Task to complete » Look through the entries below and say how many lines contain the string "Floral". Give the number only.

======== Exercise data ========

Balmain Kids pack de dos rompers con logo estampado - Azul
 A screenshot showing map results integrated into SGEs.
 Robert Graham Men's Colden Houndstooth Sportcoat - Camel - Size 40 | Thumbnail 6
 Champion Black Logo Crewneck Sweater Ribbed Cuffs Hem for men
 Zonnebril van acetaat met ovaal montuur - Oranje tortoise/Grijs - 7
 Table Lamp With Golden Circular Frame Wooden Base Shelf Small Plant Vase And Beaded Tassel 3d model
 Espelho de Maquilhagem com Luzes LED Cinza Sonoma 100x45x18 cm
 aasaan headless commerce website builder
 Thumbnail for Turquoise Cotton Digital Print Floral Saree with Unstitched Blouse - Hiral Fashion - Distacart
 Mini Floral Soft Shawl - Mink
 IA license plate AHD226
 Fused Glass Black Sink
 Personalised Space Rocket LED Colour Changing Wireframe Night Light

========

Result for this task » 2